USE one at a time coz it may create problems in ur comp and then the only last option would be to do a fresh install of ur OS


----------



## shaunak (Sep 20, 2006)

For me:
Patched uxtheme.dll + msstyles form skinbase or similar + wallpaper from similar sources+ sounds n icons + notepad file with extention .thm [with requisite lines of config of course] binding them all together. 
ps: currently using a msstyle called "xenes"


----------



## QwertyManiac (Sep 20, 2006)

The best theme probably has to be Tiger by ~Kol


----------



## rakeshishere (Sep 20, 2006)

QwertyManiac said:
			
		

> The best theme probably has to be Tiger by ~Kol


More info on this plz..Dnt know much abt these coz me nvr inrtsd that much in using these stuff

Ok got it after a google search
*www.getskinned.org/modules.php?modname=subs&action=moreinfo&subid=3249&type=1

DOWNLOD IT FROM HERE:
*www.studiotwentyeight.com/index2.htm


----------



## alanpaladka (Sep 20, 2006)

My favourite theme is "Luna Element 4".


----------



## wizrulz (Sep 20, 2006)

just applied VISTA CG....getting greyish task bars and startup menu ..and not black as shown by VISHAL.... will post screen shot soon


----------



## it_waaznt_me (Sep 21, 2006)

My fav are : 
Foton
Area 04
Glitch
Collide (I love those wallpapers)
Panther
and ... Milk .. 

Phew...


----------



## altimate (Sep 21, 2006)

Try to avoid themes since these slow down ur PC....
In fact use the classic mode or the best performance setting from the system properties box in XP...


----------



## vinyas (Sep 21, 2006)

altimate said:
			
		

> Try to avoid themes since these slow down ur PC....
> In fact use the classic mode or the best performance setting from the system properties box in XP...

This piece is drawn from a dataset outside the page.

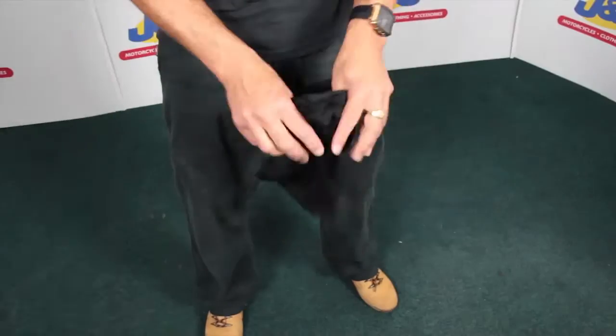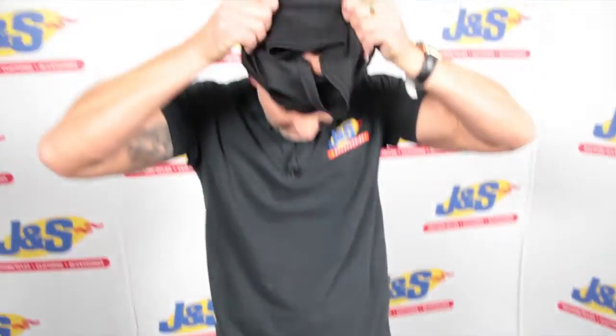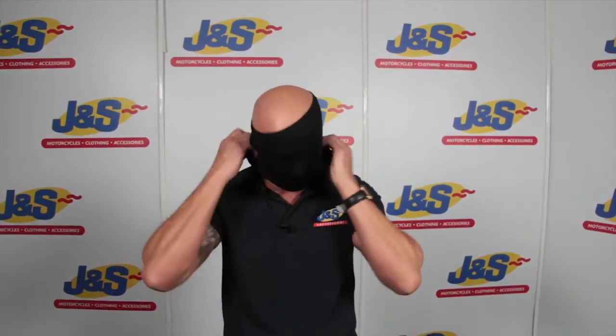This is the tube which pulls on over your head. I don't really want to tell you how to suck eggs, but I'll demonstrate it — there we go, pull that on, as far down or as far up as you want. Let me see there, there you go.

with a Good Ram & a powerful processor ... u have dont to worry


----------



## wizrulz (Sep 21, 2006)

altimate said:
			
		

> Try to avoid themes since these slow down ur PC....
> In fact use the classic mode or the best performance setting from the system properties box in XP...



Everyone says it slows down teh PC...but i haev found out that my pc is working faster..i am myself am surprised 8)


----------